Sign + Cup = Teaching Moment

I learned/had remembered to me several interesting things by posting that street sign. (Yes, Warren, I snapped that in Toronto.)

  • What seems complex, complicated, or confusing to one person may seem simple, clear, and obvious to another.
  • Context always matters. (Actually, there must be At Least Three cases where context doesn't matter, so I'll reframe that: This is one more situation where context matters.) If I was familiar with Toronto's snow plowing schedule, and/or the parking habits of the area, the signs may have made more sense to me.
  • Posting a picture which I state confuses me generates more comments than do my typical posts! <g/> (There I go again, generalizing the system based on a single datapoint…. Reframe: posting this particular picture generated more comments than have most of my other posts.)

My challenge to test a cup was comment-inducing as well. Y'all had some interesting ideas! I like that Stuart came back several times with more test case ideas. Most testers do not think of every last test case the first time they sit down and think about it. The more you learn about a product the more test cases you are likely to think of, and the better you can gauge which test cases are likely to produce useful information.
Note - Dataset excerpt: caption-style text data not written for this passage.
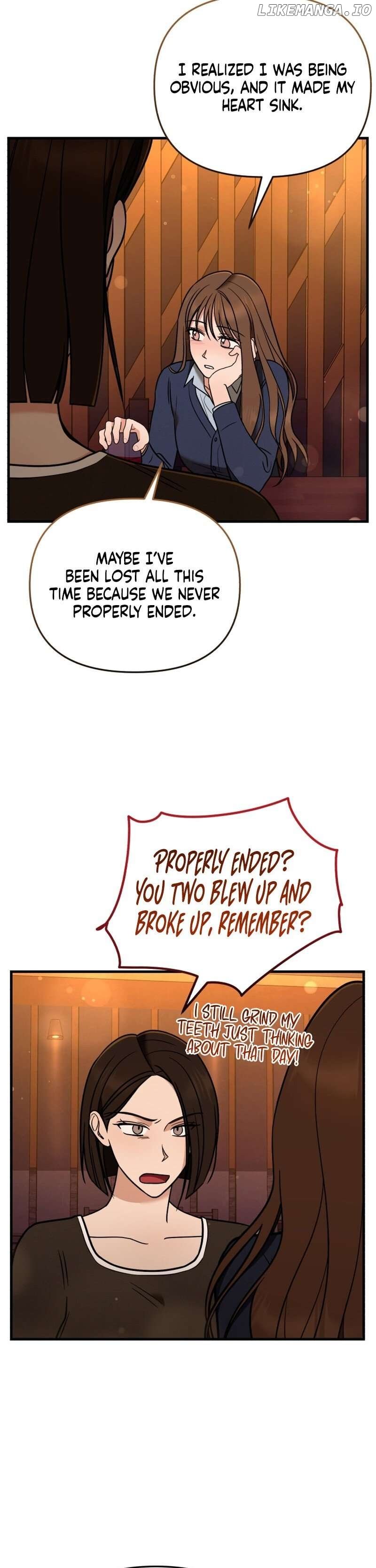 To Shake You Chapter 7 - page 19
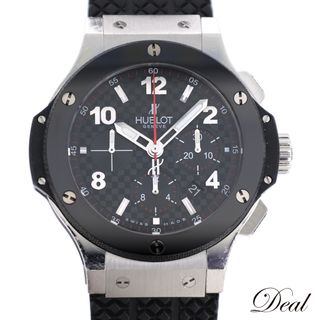 HUBLOT ウブロ ビッグバン スチール セラミック 301.SB.131.RX メンズ 腕時計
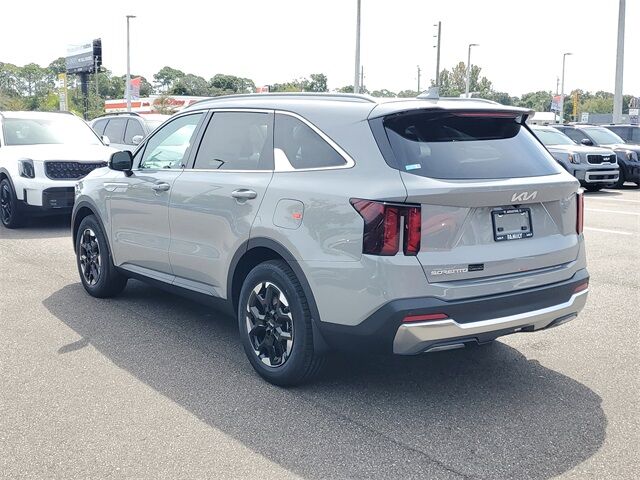 2026 Kia Sorento S St. Augustine FL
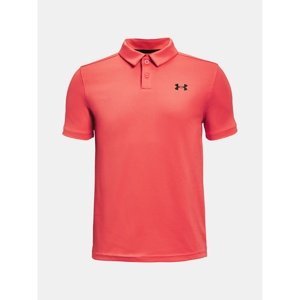 Under Armour T-Shirt Performance Polo-RED - Guys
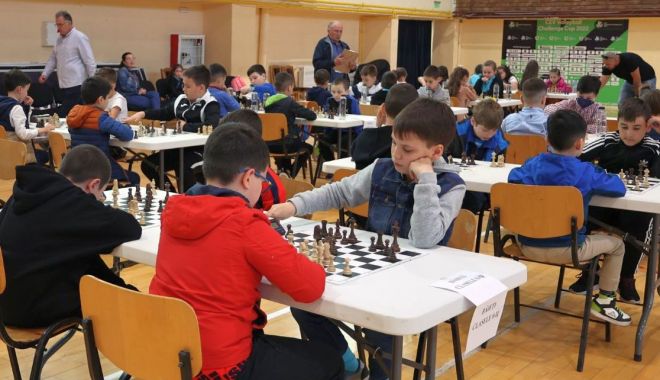Campionatul Judeţean de Şah al Constanţei, în premieră la Năvodari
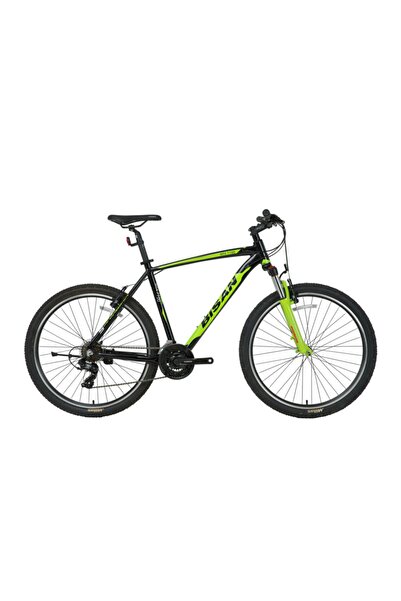 Bisan Mtx 7100 27,5 Jant Kadro: 19-48 Cm 21vites Siyah Yeşil-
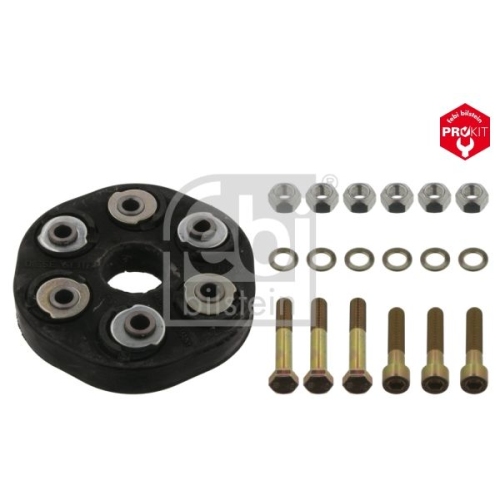 Febi Bilstein 1x 10581 Gelenk, L&auml;ngswelle ProKit f&uuml;r Mercedes Benz, vorne
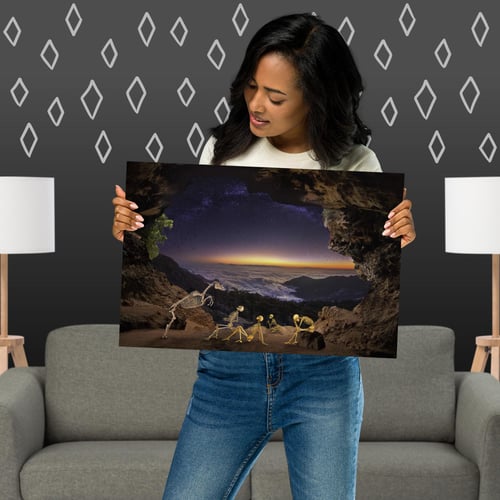 Image of Muybridge Horse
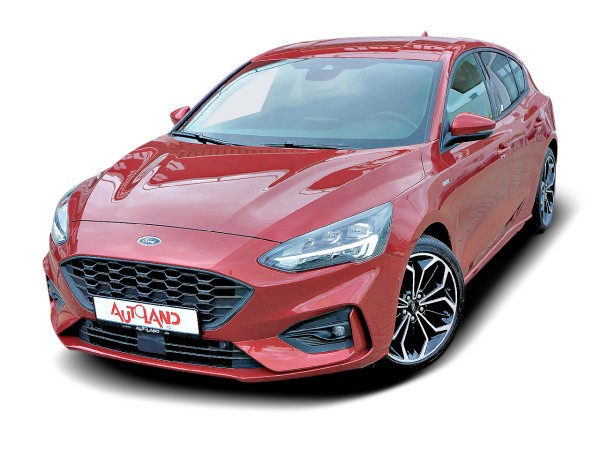 Ford Focus 1.0 EcoBoost ST-Line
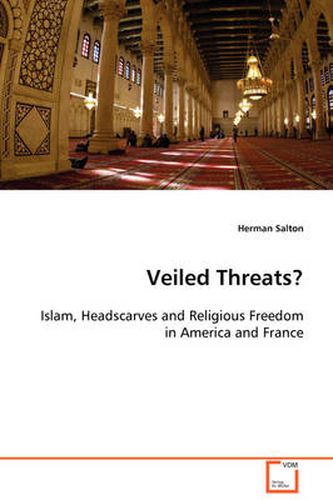 Cover image for Veiled Threats?
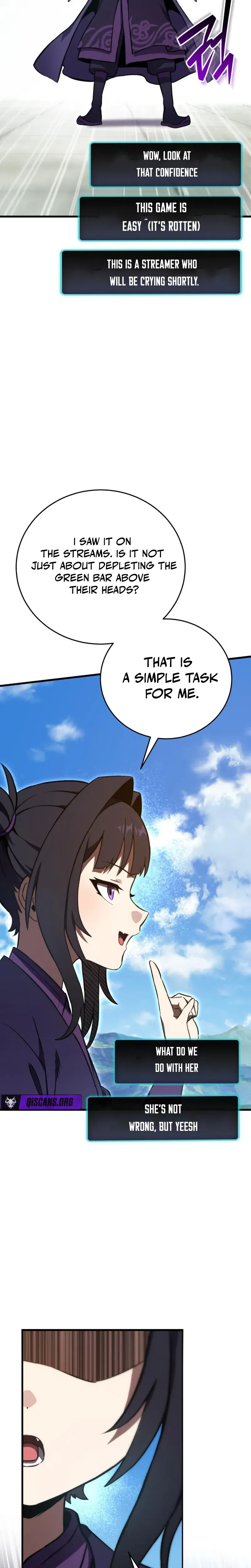 The Heavenly Demon’s Broadcast From the Demon Realm Chapter 2 page 50 - 
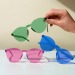 Lunettes de soleil, lunette de soleil pubblicitario
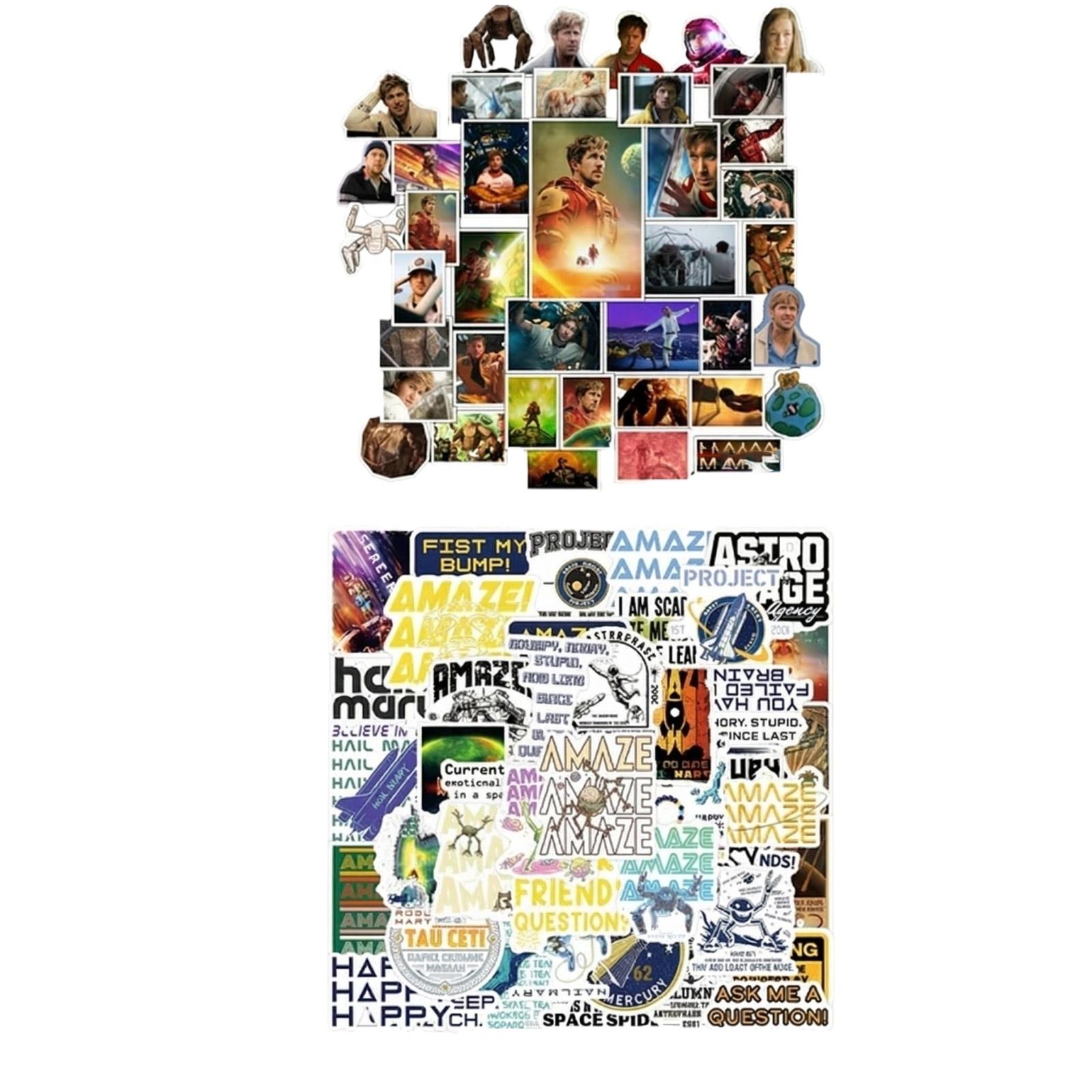 40 Piece Motivational Quote and Character Sticker Set for Laptops Water Bottles Notebooks Scrapbooks Journals Skateboards Suitcases DIY Decoration
40 Piece Motivational Quote and Character Sticker Set for Laptops Water Bottles Notebooks Scrapbooks Journals Skateboards Suitcases DIY Decoration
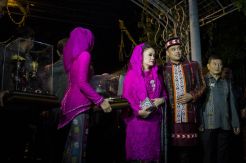 Malam Midodareni, Kahiyang...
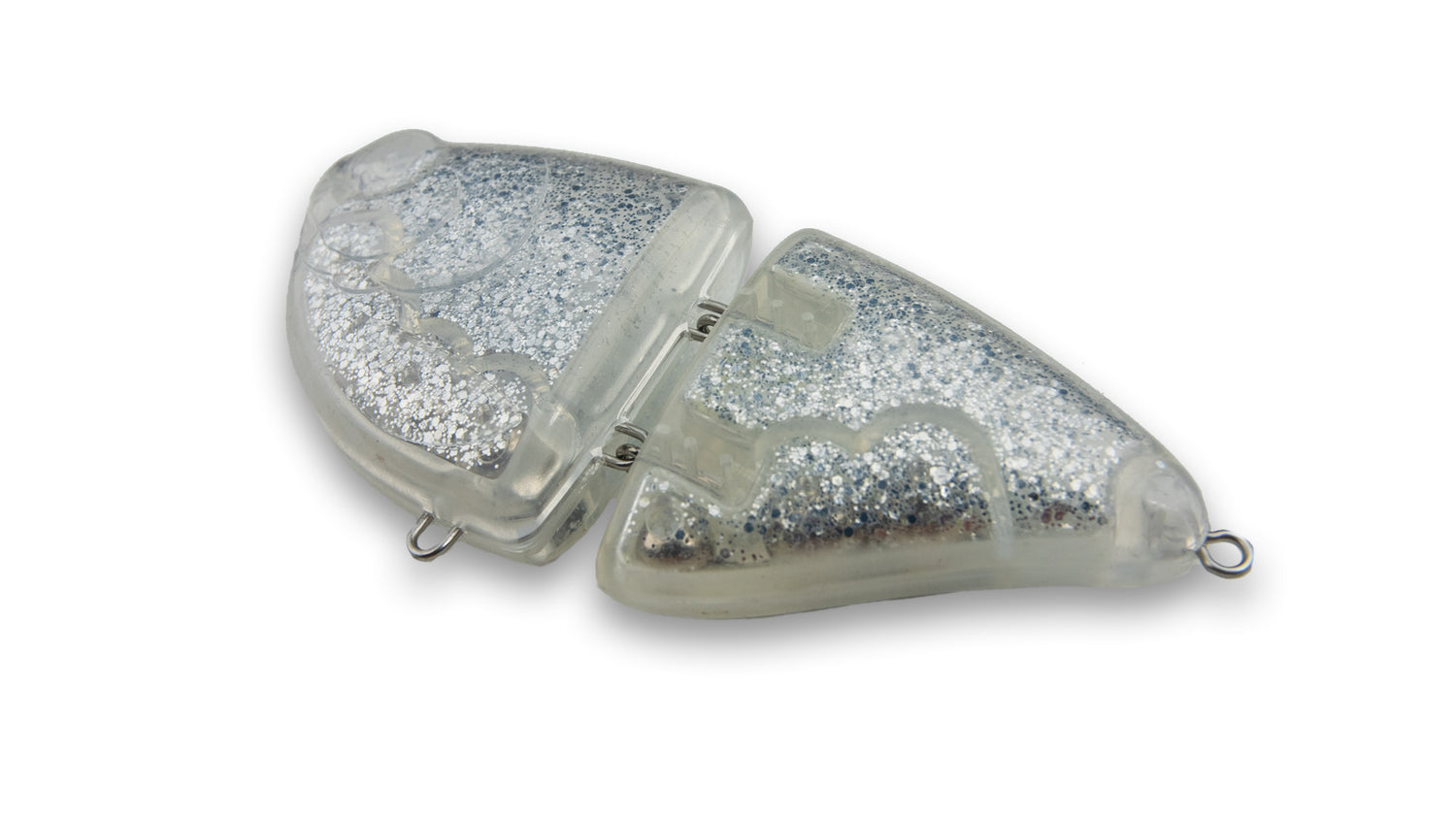 Fatboy Swim Blank (5.1 in.) - Silver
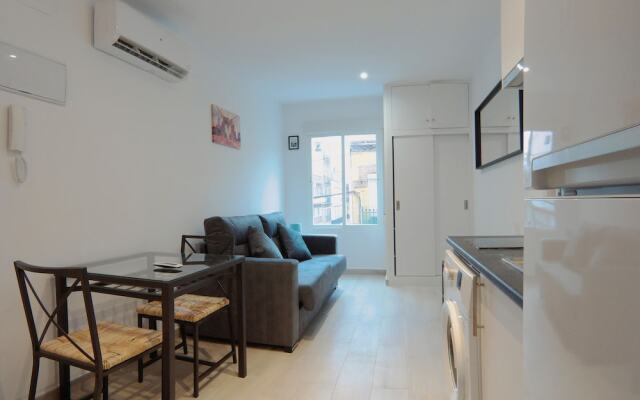 Apartamento en Bellas Vistas con BER5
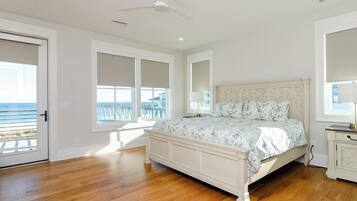 6 soveværelser, skrivebord, strygejern/strygebræt, Wi-Fi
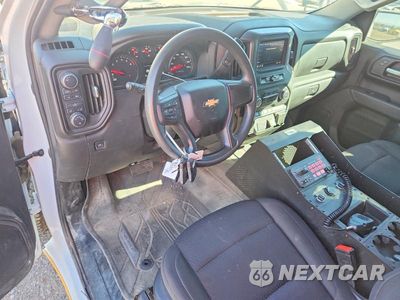 Zdjęcie 8 z 12 samochodu: 2023 CHEVROLET SILVERADO K1500 VIN:2GCUDAED7P1115474 - miniatura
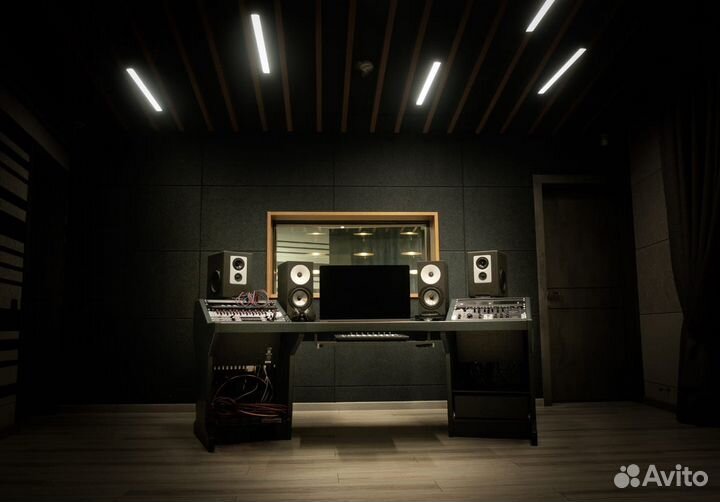 Светильник потолочный светодиодный линейный 20 Вт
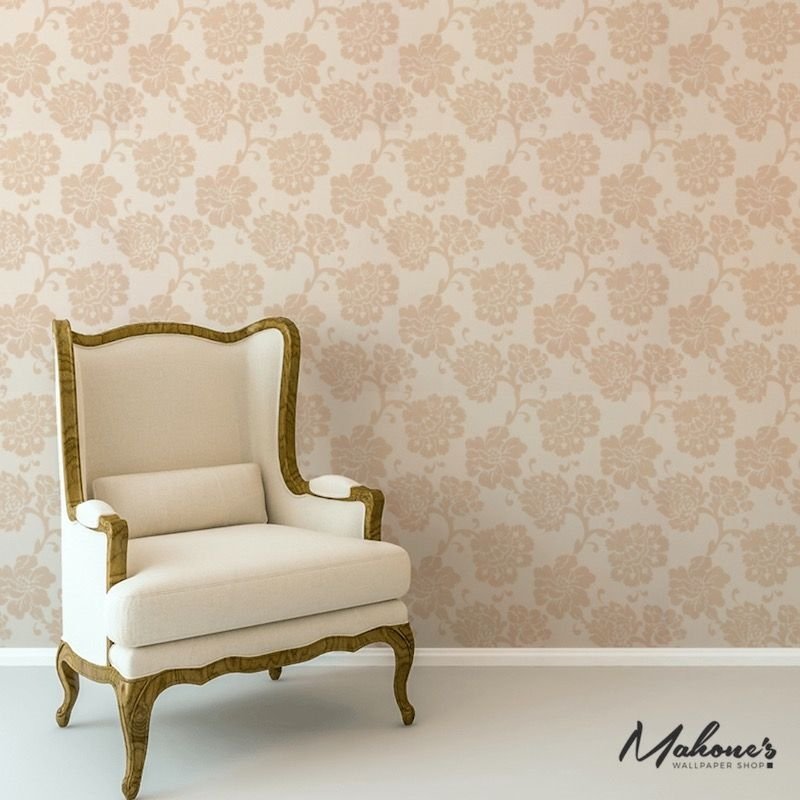 Buy 5003621 Albero Floreale Petal Schumacher Wallpaper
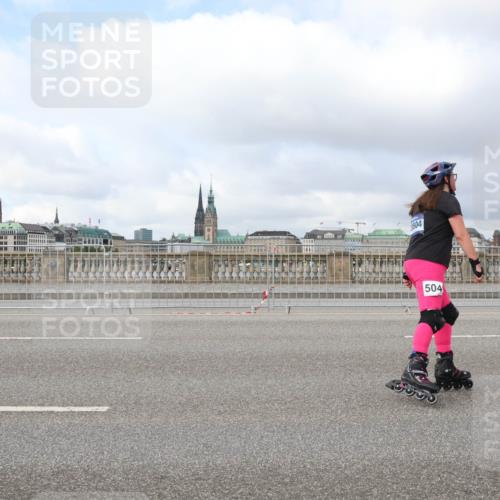 29.06.2025 - hella hamburg halbmarathon Lena Gebhardt http://msf.ph/oto/8369416 29.06.2025 09:10:58 Lombardsbrücke 504, 504 meine-sportfotos.de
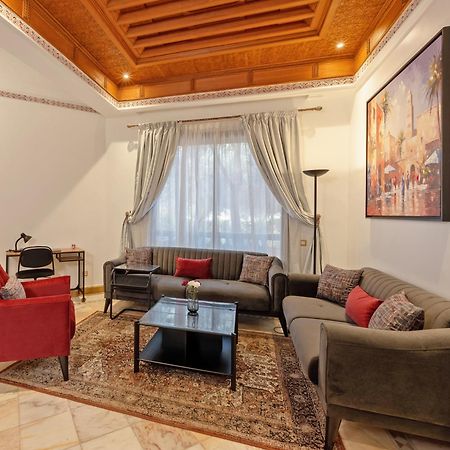 Appartement De Luxe A Palmeraie Village 2 Marrakesh Exterior foto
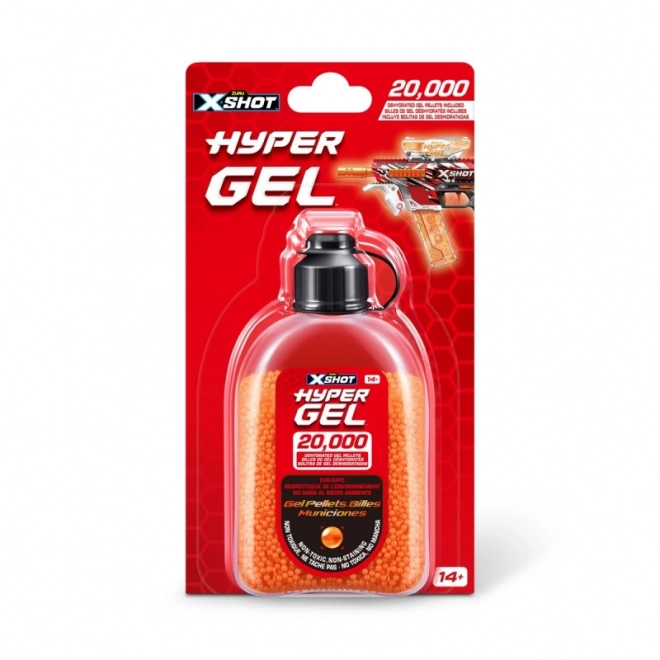 Gelekugler Hyper Gel 20.000 stk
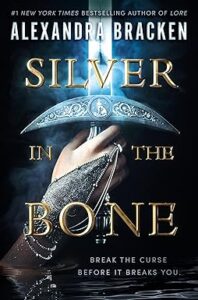 Silver in the Bone Cover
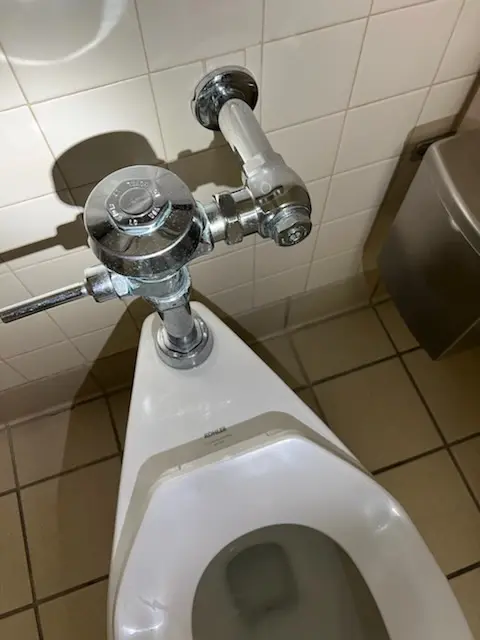 Fixture installation and repair for Pipe Repair in Chadwyck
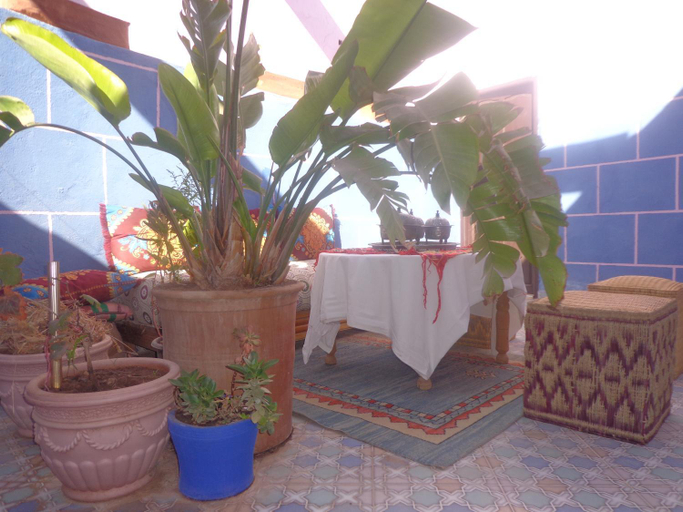Others 5, Les Tajines Bleus, Essaouira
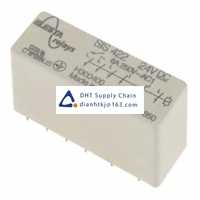 Elesta Relay SIS 422 24VDC Original Neww Stock Price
Any process which expects you to define every test case up front, and then run through exactly those test cases and no others, is likely to miss important issues.

I was especially happy to see Andrew, and Apoorva, and Stuart (eventually) ask what is perhaps the most important question a tester can ask: "What is it meant to do?" As testers our job is to provide information about whatever it is we are testing. We do not need to know anything about what it is supposed to do in order to do that. However, the information we provide tends to be used to make business decisions (like "Does this thing solve a problem sufficiently well that people will purchase it?"), and the people requesting the information tend to expect us to be providing specific types of information on specific aspects of the item. The more we know about what the product is supposed to do, and what problem it is supposed to solve, the better we can tune our information-seeking activities - i.e., the testing techniques we use and the test cases we execute - to provide information that will be useful in making those business decisions.

I find the test-a-cup problem useful because its surface simplicity quickly becomes deep and complex. Consider how many different aspects a cup has: Its color. The material from which it appears to be made. The material from which it is actually made. Whether it is watertight. Whether it glows in the dark. Whether it is insulated. Its mass. Its weight. Its fragility. Its transparency. I could keep going. (Feel free to do so in the comments!)

Each of those aspects has many different possible values, each of which are desirable in one context and undesirable in another context. Take fragility, for example. People generally assume the cup should not be easily broken. While this is likely true for a cup meant to be used by a young child, it almost certainly is false for a cup meant to be used during a Jewish wedding ceremony.

Knowing which aspects to investigate, and which test cases to execute, and which information to pay attention to, is a key testing skill. And hard! Training can help. Experience is a good teacher. Your application is one training ground you can use. Life is another. Test a light switch. Test a door. Test a tree. Test the flat panel television in the elevator. Have your teammates test it. Have test case generation competitions. And races. The more you think about testing and exercise your testing muscles the more effective a tester you will become.